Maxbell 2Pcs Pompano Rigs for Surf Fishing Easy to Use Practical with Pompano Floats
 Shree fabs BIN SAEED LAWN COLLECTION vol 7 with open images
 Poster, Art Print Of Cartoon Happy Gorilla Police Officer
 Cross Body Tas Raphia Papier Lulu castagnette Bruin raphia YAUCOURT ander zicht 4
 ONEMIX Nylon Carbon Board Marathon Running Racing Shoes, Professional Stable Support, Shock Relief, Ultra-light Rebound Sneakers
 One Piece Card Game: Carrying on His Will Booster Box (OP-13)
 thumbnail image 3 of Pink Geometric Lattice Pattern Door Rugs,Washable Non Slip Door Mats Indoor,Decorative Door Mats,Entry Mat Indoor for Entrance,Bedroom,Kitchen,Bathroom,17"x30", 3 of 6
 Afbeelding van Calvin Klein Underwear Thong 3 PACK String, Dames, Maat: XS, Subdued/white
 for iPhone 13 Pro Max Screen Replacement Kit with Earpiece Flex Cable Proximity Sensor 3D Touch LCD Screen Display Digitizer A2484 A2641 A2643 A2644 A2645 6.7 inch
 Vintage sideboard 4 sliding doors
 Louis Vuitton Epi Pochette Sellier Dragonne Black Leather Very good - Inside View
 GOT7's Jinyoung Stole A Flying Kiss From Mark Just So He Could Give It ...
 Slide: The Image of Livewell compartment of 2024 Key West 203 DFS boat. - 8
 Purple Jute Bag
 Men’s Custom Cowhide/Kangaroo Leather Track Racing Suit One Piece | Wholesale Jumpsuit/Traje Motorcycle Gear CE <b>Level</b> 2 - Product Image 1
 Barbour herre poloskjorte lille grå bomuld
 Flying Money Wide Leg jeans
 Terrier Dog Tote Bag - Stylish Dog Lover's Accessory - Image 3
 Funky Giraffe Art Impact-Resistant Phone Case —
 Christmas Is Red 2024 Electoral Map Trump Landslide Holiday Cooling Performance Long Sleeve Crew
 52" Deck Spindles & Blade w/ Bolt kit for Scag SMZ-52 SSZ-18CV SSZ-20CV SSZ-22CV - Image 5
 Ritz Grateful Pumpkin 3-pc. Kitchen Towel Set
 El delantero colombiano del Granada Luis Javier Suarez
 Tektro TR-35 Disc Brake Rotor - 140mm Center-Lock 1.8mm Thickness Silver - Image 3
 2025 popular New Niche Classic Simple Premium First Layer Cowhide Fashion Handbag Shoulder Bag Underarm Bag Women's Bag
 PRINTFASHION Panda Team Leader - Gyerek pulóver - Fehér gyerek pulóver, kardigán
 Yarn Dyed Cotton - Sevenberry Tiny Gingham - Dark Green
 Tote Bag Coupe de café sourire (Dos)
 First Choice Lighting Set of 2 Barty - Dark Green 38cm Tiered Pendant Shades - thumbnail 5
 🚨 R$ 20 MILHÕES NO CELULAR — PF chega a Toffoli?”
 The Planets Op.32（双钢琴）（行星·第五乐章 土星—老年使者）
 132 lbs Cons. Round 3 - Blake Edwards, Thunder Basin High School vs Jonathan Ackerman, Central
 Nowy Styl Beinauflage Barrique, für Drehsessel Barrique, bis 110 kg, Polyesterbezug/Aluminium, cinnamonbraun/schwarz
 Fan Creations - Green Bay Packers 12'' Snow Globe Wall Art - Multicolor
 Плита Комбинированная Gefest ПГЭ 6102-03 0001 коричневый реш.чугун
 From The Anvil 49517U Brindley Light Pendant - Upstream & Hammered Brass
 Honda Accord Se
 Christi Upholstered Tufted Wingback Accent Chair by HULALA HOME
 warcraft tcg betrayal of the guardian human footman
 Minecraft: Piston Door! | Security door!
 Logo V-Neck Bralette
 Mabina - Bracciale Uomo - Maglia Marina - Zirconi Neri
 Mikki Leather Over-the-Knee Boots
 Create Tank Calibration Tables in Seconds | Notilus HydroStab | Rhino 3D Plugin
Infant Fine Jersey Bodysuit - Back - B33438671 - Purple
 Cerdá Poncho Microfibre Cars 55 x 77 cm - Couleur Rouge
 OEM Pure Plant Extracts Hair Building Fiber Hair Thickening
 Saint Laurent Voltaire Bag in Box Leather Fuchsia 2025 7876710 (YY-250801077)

......

Only lines with the word "thumbnail" are wanted; pull each of them from the records.

 thumbnail image 3 of Pink Geometric Lattice Pattern Door Rugs,Washable Non Slip Door Mats Indoor,Decorative Door Mats,Entry Mat Indoor for Entrance,Bedroom,Kitchen,Bathroom,17"x30", 3 of 6
 First Choice Lighting Set of 2 Barty - Dark Green 38cm Tiered Pendant Shades - thumbnail 5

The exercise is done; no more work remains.